How far are you from Albany, NY? I could recommend you to some places around here if you're close.


----------



## Renoto

Hmm, Albany is about 2 hours up from me, I'm closer to Goshen/Montgomery NY but depending on if their close to Albany or where I'll definitely consider it!


----------



## PDFrogman

I am in Vernon NJ right outside of Warwick. Chris Brown in the Middletown Pet smart came highly recommended we start a puppy class next week I'll let you know how it goes


----------



## Renoto

Its funny you mention him, Chris Brown is a personal friend of mine and we worked at the same PetSmart for a long time. You are in good hands! But he isnt an IPO trainer, though I'll be asking him as well if he knows anyone. I'm trying to get as much feedback as possible and make sure I hit every angle.


----------



## PDFrogman

small world


----------



## Renoto

I know haha!

I was actually able to find a woman closer than 2 hours from me named Beth Bradley, and she offers IPO classes Sun and Fri for a good price. Anyone heard about/dealt with her before? I hear a lot of good things.

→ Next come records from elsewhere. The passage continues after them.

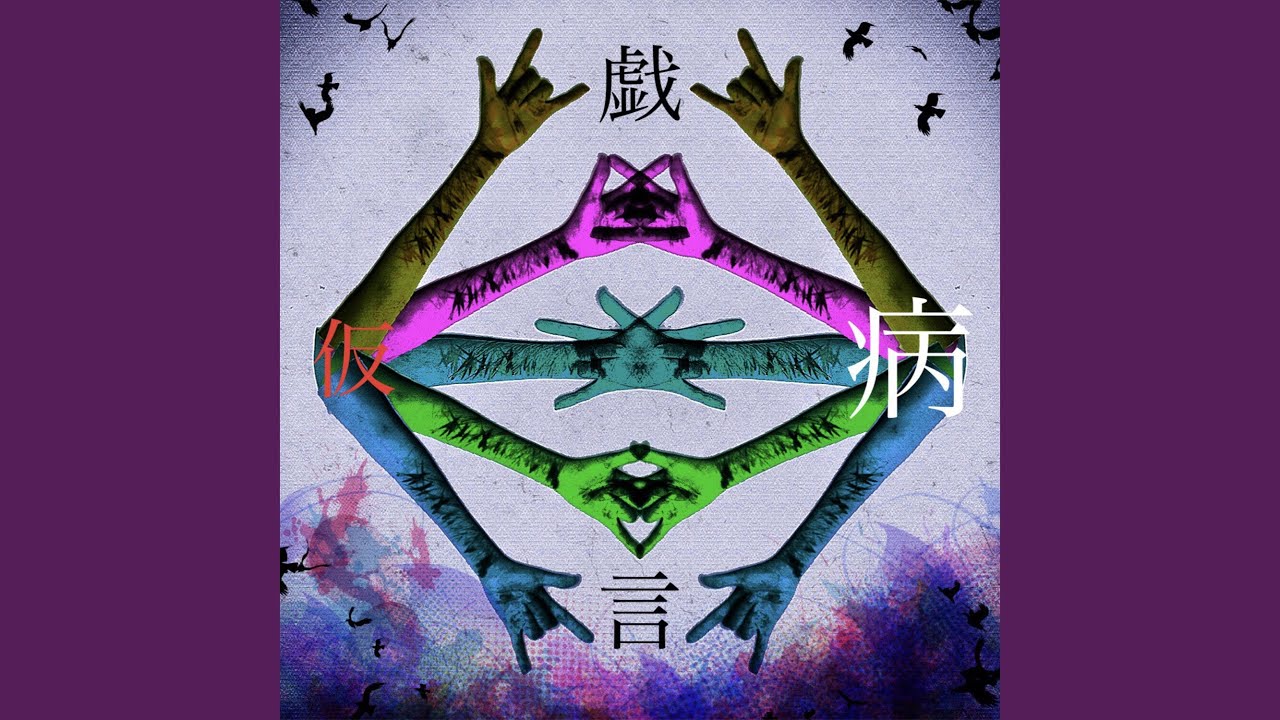 戯言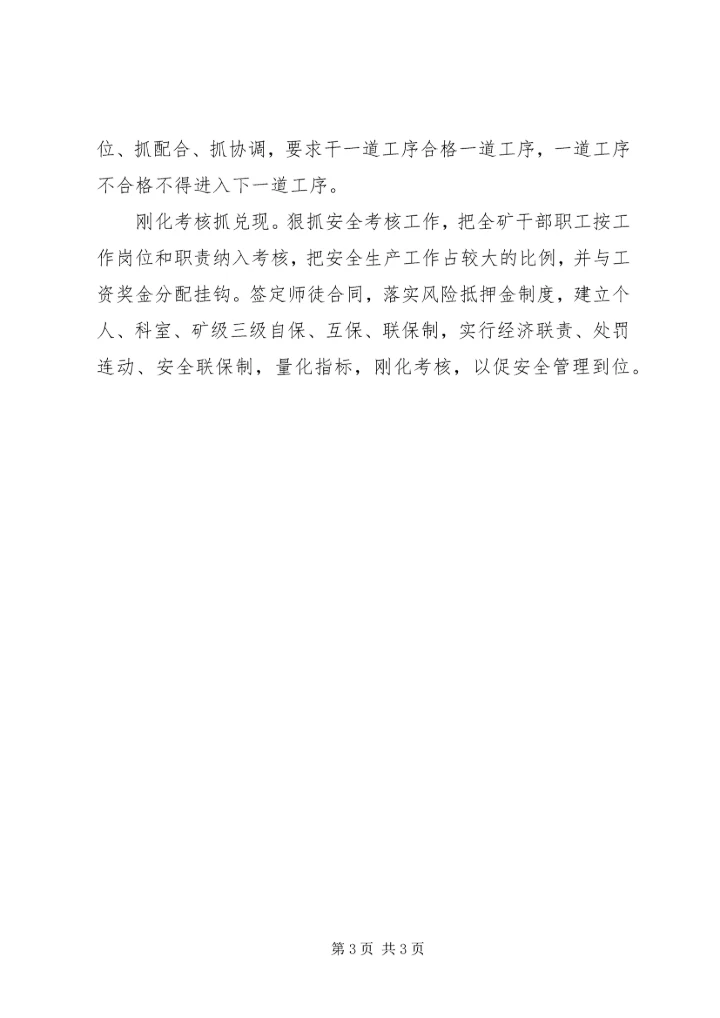 坚定信念强化管理迎难而上全力以赴确保公司下半年安全生产 (4).docx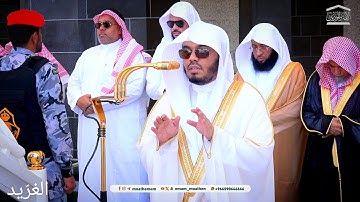 تلاوة بديعة لــغرّيد الحرم أ.د. #ياسر_الدوسري |صلاة الجمعة 8 ربيع الآخر 1446هـ ۞ سورتي التين وقريش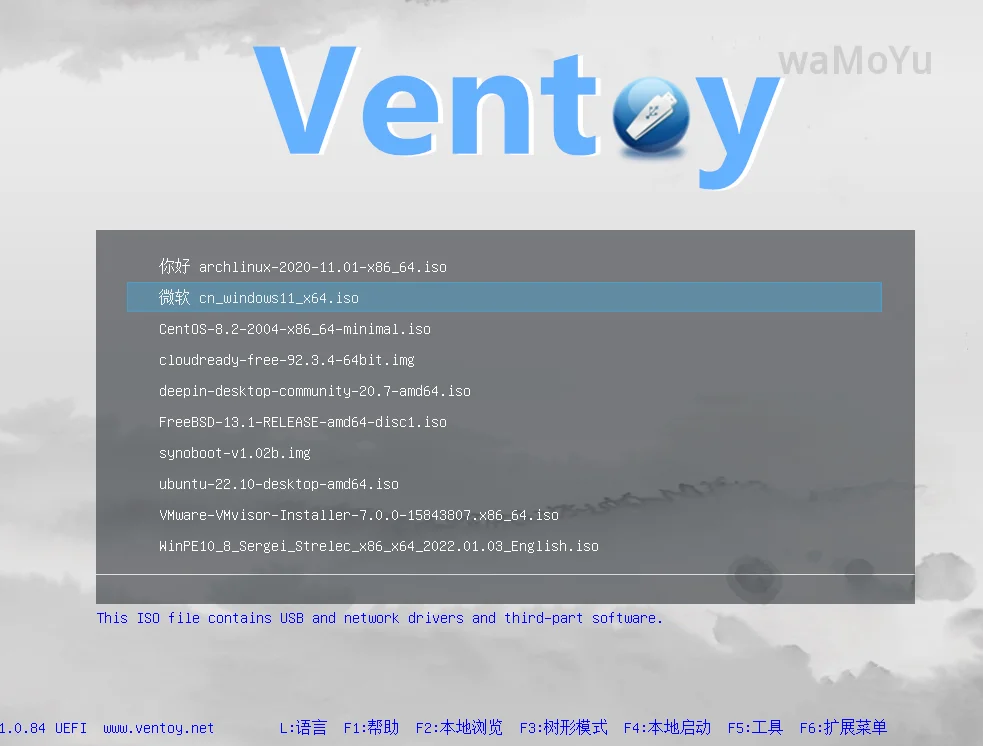 U盘工具-Ventoy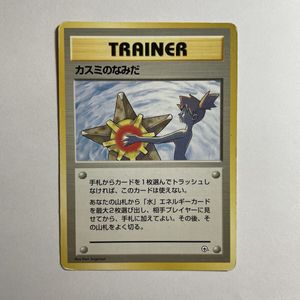 ポケモンカード トレーナーの値段と価格推移は？｜922件の売買データ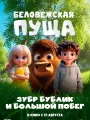 Беловежская пуща. Зубр Бублик и большой побег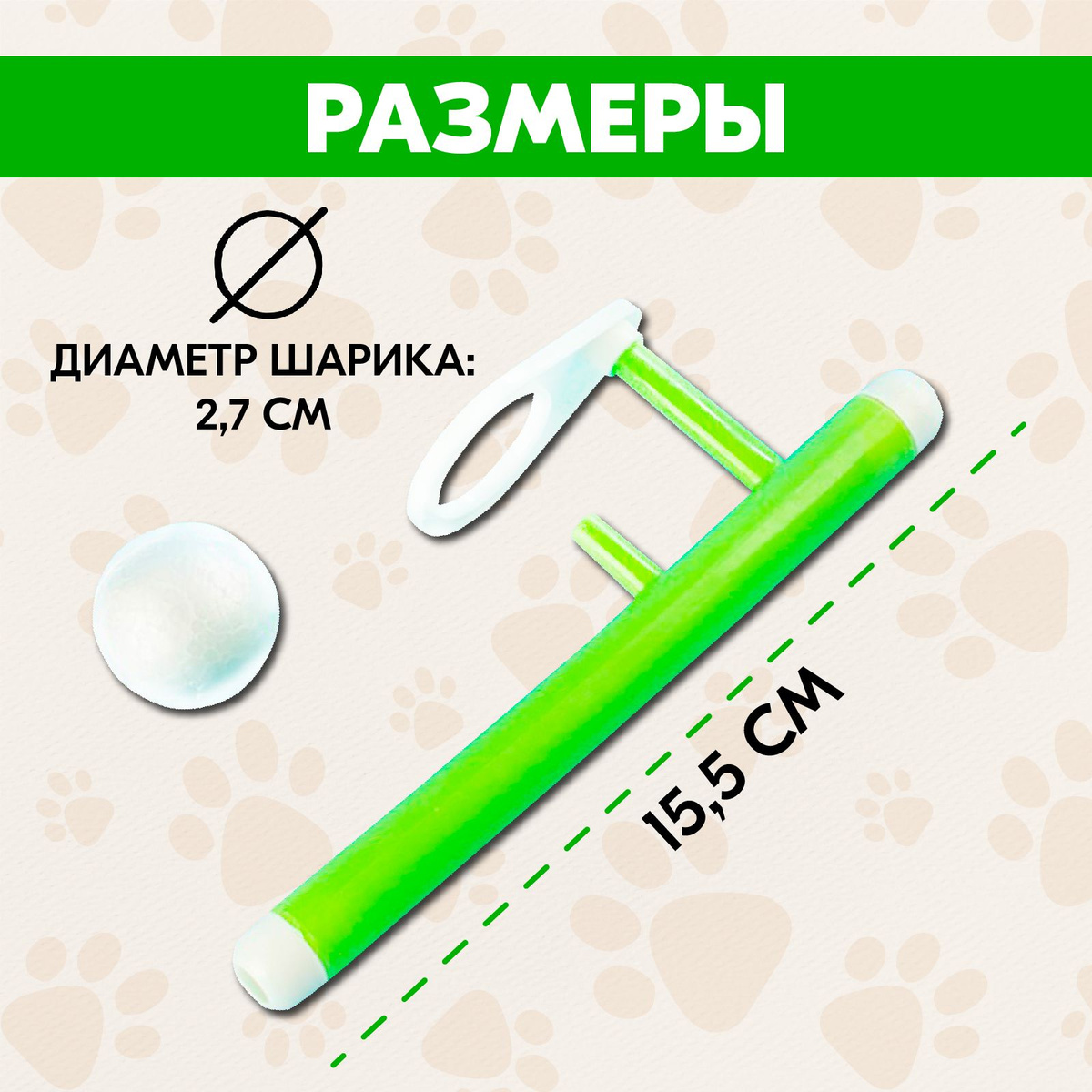 Текст при отключенной в браузере загрузке изображений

Also spoke with Chris Brown again and he knows some people right in my area too, so thanks for mentioning him! Sometimes I forget what people I know actually do for a living haha!


----------



## PDFrogman

this guy is near Greenwood lake 
Professional Dog Trainer servicing the New York, New Jersey, Philadelphia area - obedience, protection, sport, Schutzhund
another option would be to give the NYPD K 9 unit a call they might have some guys that live in Orange county


I am going to train my pup to be my service dog I walk the Galleria mall and Rockaway mall with her at least 3-5X week, for a 4 month old pup she is very well behaved, last week I had her opening the handicapped door.
good luck


----------



## phgsd

I don't know if anyone would be interested in herding - but we have a nice herding group not too far away 
HGH Club Northeast - Knowlton, NJ


----------



## whisperg

Spent a full Sunday watching Beth and her students work their dogs. Everyone was super friendly and had only good things to say about Beth. She is 2 hours from me but I have considered making the trip just to train with her. Beth responds quickly to any questions you may have.


----------



## Luckshire

*Any Luck?*

Any luck finding a good trainer in the Hudson Valley?


----------



## VCViking

Renoto said:


> I know haha!
> 
> I was actually able to find a woman closer than 2 hours from me named Beth Bradley, and she offers IPO classes Sun and Fri for a good price. Anyone heard about/dealt with her before? I hear a lot of good things.
> 
> Also spoke with Chris Brown again and he knows some people right in my area too, so thanks for mentioning him! Sometimes I forget what people I know actually do for a living haha!


 
Any progress on any of these? I also live in Orange County.


----------